For regular long-time readers of The Tribune this is a follow-up story — a sequel of sorts.
So if the beginning seems like old news, bear with me as I introduce new readers to my friend, Dinah Belleau.
When I first wrote (in 2007) about Belleau — a strong, hard-working Secwepemc woman (with a truly green thumb) she had made some changes in her life and was using her skill (and love) for growing things in the position of head-gardener for the Esketemc First Nation community-garden. Dinah, born and raised at Esk’et, had lived away for many years before returning home (to Alkali Lake).
In her daily job as the head-gardener Belleau nurtured not just a garden, but a generation of young people as she (a respected elder) imparted many useful lessons in what was necessary to make things grow and flourish as the group worked together from planting through to harvest.

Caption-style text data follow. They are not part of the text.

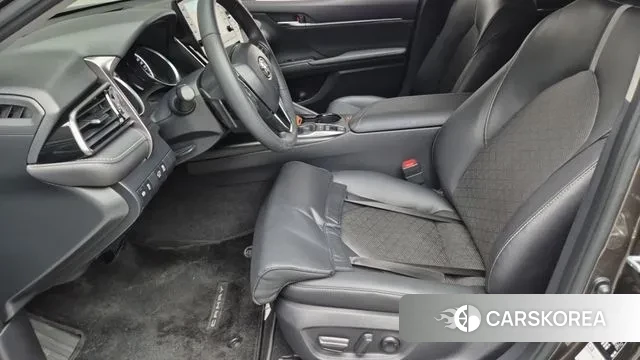 Toyota Camry (XV70) id 3420088 из Кореи 17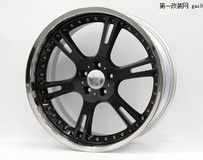 來自德國Wheelsandmore的最新輪轂展示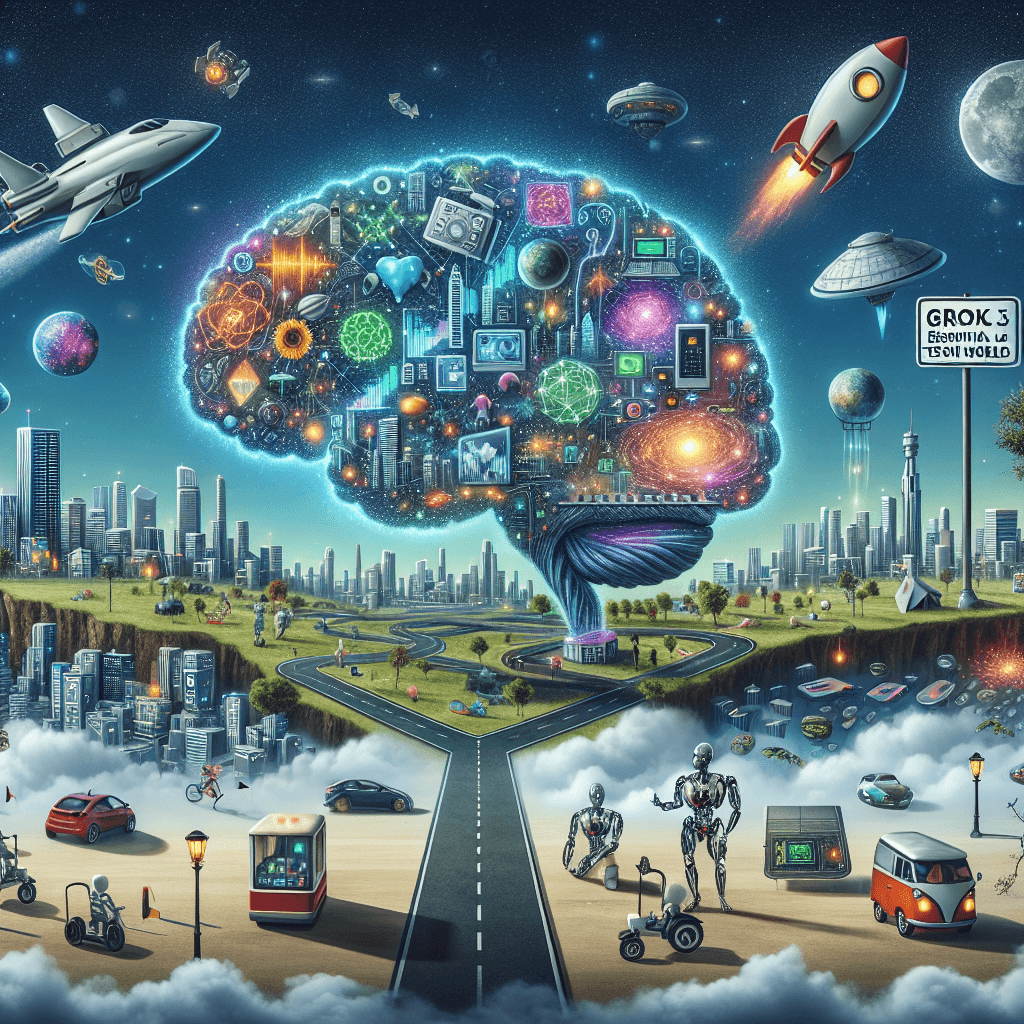 Banner for Musk's Mind on Grok 3.5: What the Tech World Needs to Know!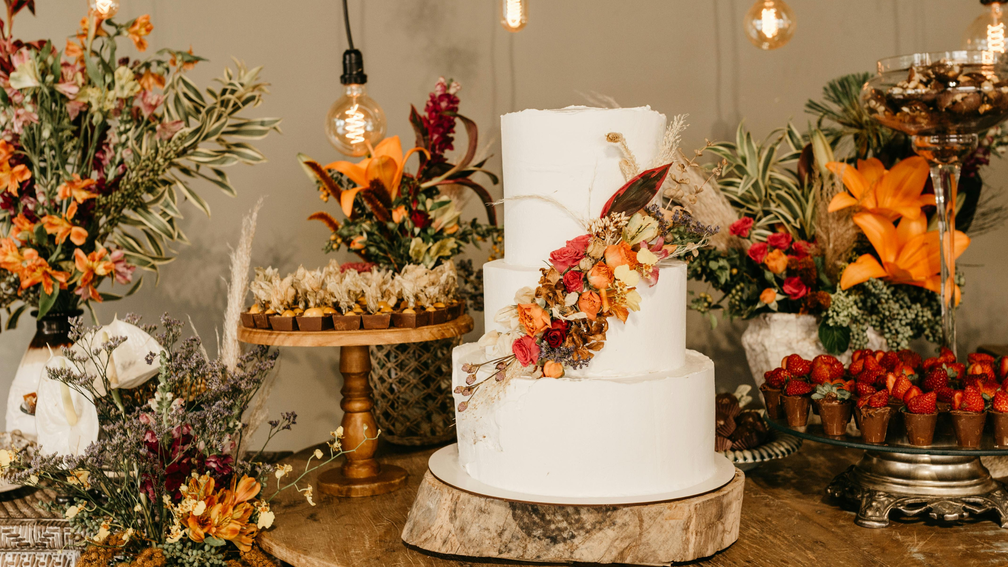 Un mariage bohème chic dans une grange rénovée - Crédit photo : Tous droits réservés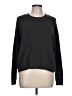 Tommy Hilfiger Solid Gray Pullover Sweater Size L - photo 1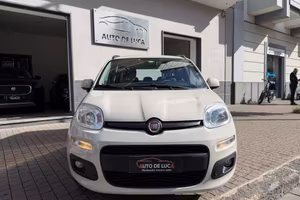 FIAT PANDA 1.2 LOUNGE CERTIFICATA UNIPROPRIETARIO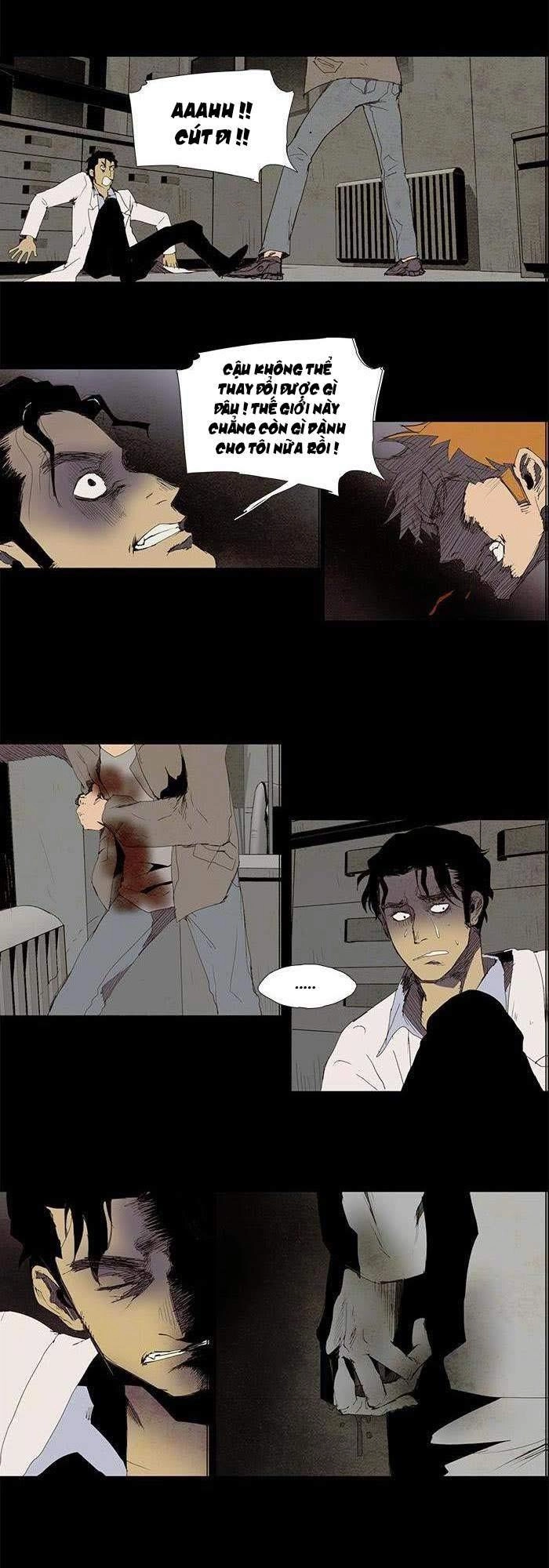 Lessa Chapter 25 - 12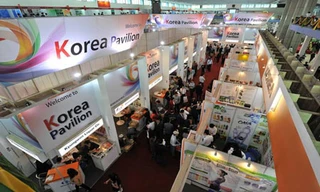 500 doanh nghiệp tham gia Viet Nam Expo 2014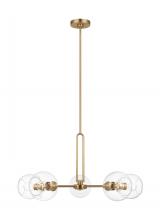 Studio Co. VC 3255705EN7-848 - Five Light Large Chandelier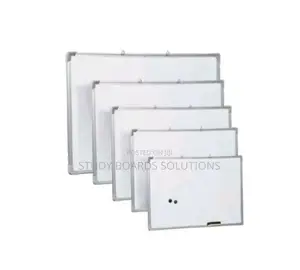 Easy to Carry A3 Magnetic Whiteboard for Classroom and Home Use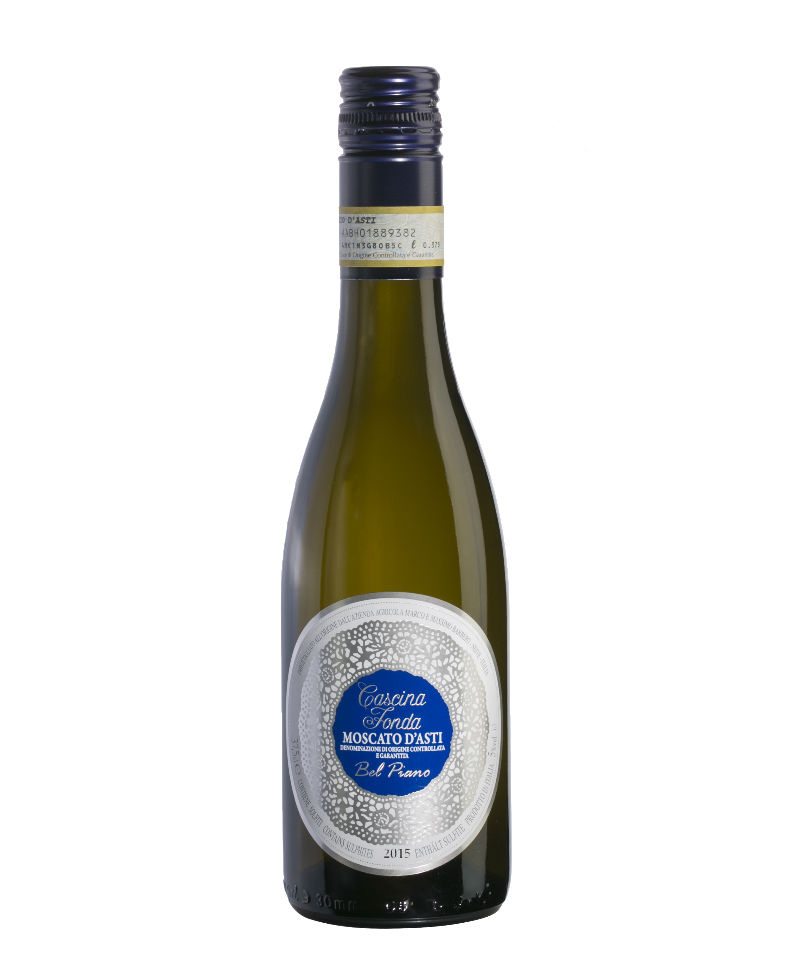 MOSCATO D'ASTI Bel Piano Tappo Vite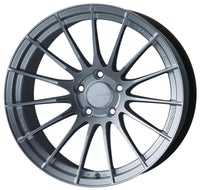 Enkei RS05-RR 18x9 40mm ET 5x100 75.0 Bore Sparkle Silver Wheel Spcl Order / No Cancel - 484-890-8040SP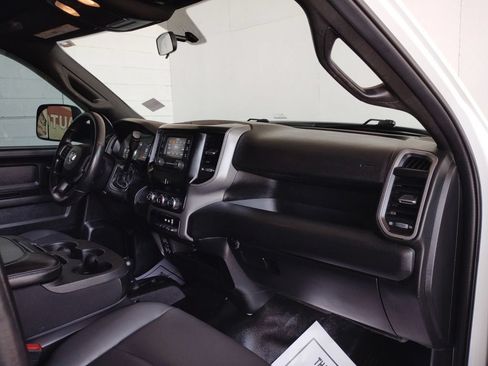Used 2022 RAM 3500 Tradesman AWD/4WD image 11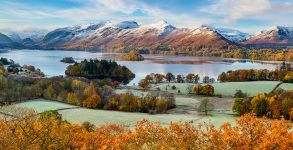 Derwentwater Lake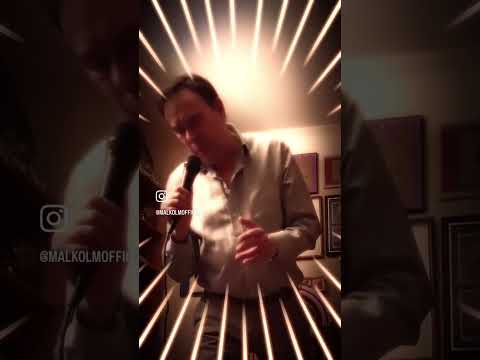 WITHOUT HIM from my first album MALKOLM PHASE ONE (2023) #without #him #oldie #vintagesinger #oldies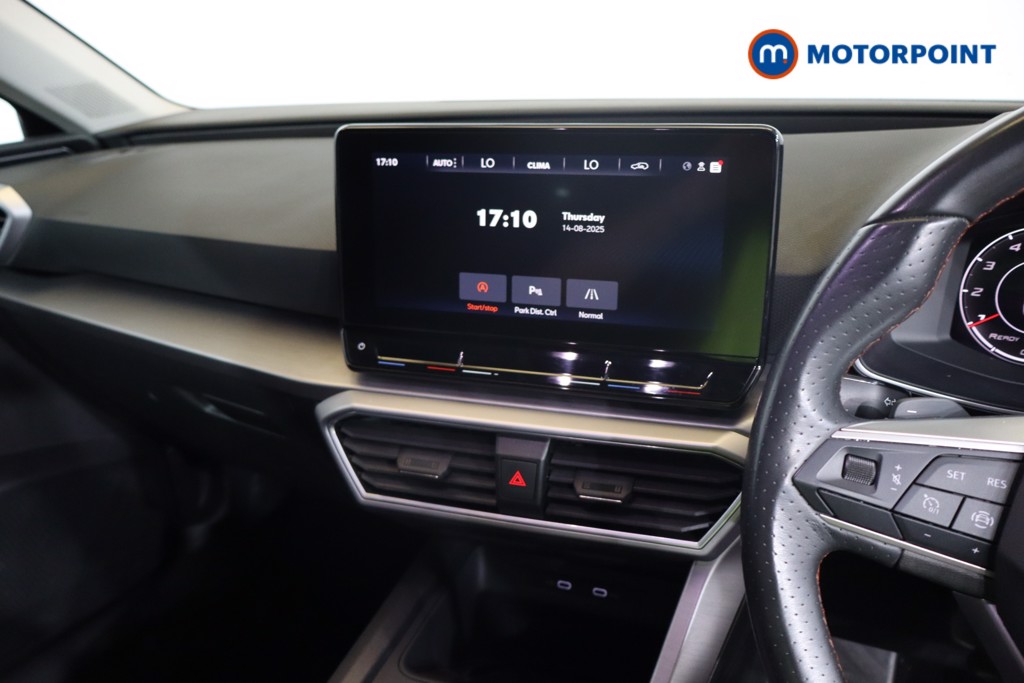 Seat Leon FR Automatic Petrol Hatchback - Stock Number (1565757) - 3rd supplementary image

Belleau’s stature as an able-gardener became more commonly known when my story, about her, was included in the 2009 publication (Caitlin Press) of a collection of women’s stories about women from all walks of life.
The book (edited by former Tribune reporter Sage Birchwater) is titled: Gumption & Grit: Women of the Cariboo-Chilcotin.
The story was first printed by this newspaper (June 2007 issue of Casual Country) and in it, Belleau is quoted as saying, “I told them I’m going to retire — this is my last year!”
I stated, at the time, that I didn’t really believe she would do that, as her love for the garden was obvious and unwavering.
I have to say, “I told you so.” I was right — Belleau hasn’t retired! Oh, she collects her old-age (she’s not old) security, but the Esketemc First Nation garden is flourishing once again (in the late summer of 2011) under the watchful eye and the green thumb of the master-gardener, Belleau, who still works as hard (physically) as ever.
One of the rookie-gardeners working with Belleau in that summer of 2007 was Mary Daniels, who was enjoying her second season in the garden patch. It was evident from her enthusiasm and work-ethic that the garden-work wasn’t just a job to Mary.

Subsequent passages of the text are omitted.